I got this in the Tech E-mail inbox today at work;
Question From: Timo(XXX@???.com)
Question:
Please Check these results, they are pretty bad:
Another:
Hmm:
“The maximum number of errors was reached. Further errors in the document have not been reported.”
I contacted you a few years ago with this type of information and never got a response. Sounds like you never learned! Sorry to be blunt but I love Canadian content but hate it when it’s not presented properly.
I hope someone reads this and says “Perhaps we should look at this”.
I think all disabled people in Canada and around the world would be appreciative!
Thanks for letting me vent,
Timo
Thanks Timo. I really appreciate your e-mail. I can’t tell you how much this helps me. I’ll just go ahead and tell everyone that we’ve gotta stop updating the damn “sports scores” and “sports news”, so that we can all get right on to the important business at hand…making TSN.ca standards compliant.
Listen, you won’t find a guy more willing to make a site standards compliant, but I’m realistic. The powers that be don’t care that the site is standards compliant, they care that it works in their browsers (it does), and that it has the latest news (it does).

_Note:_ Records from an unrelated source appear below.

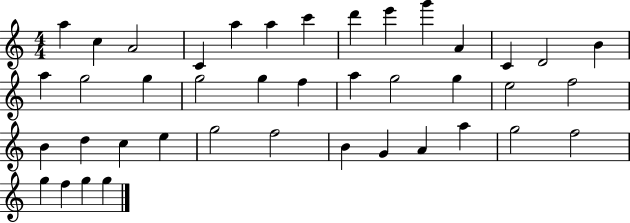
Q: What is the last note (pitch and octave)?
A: G5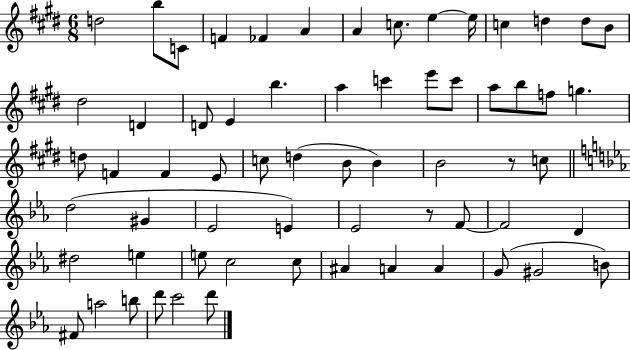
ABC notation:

X:1
T:Untitled
M:6/8
L:1/4
K:E
d2 b/2 C/2 F _F A A c/2 e e/4 c d d/2 B/2 ^d2 D D/2 E b a c' e'/2 c'/2 a/2 b/2 f/2 g d/2 F F E/2 c/2 d B/2 B B2 z/2 c/2 d2 ^G _E2 E _E2 z/2 F/2 F2 D ^d2 e e/2 c2 c/2 ^A A A G/2 ^G2 B/2 ^F/2 a2 b/2 d'/2 c'2 d'/2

Standards compliance is a “nice to have” if I can get it done on my own time, in between other projects…you know, like making sure the system all works right.
To all of you who would like to send a similar letter to any organization, big or small, may I make one suggestion?
Don’t.
It doesn’t help anyone, we’re all aware of our deficiencies, and could probably point 100 more out on top of the 10 you point out. Not only that, but you have no idea what kind of conditions we’re working in, or what else we’re trying to do (or the fact that we’re building a whole new standards compliant, CSS based site behind the scenes, but Rome wasn’t built in a day…at least it wasn’t built properly in a day).
Your arrogance isn’t helping anyone, and if you were in my position, where you were one of a team of THREE PEOPLE who build and maintain TSN.ca right now, or the fact that a year ago my team got cut in half due to budget cutbacks, you’d see that we’re already fighting an uphill battle.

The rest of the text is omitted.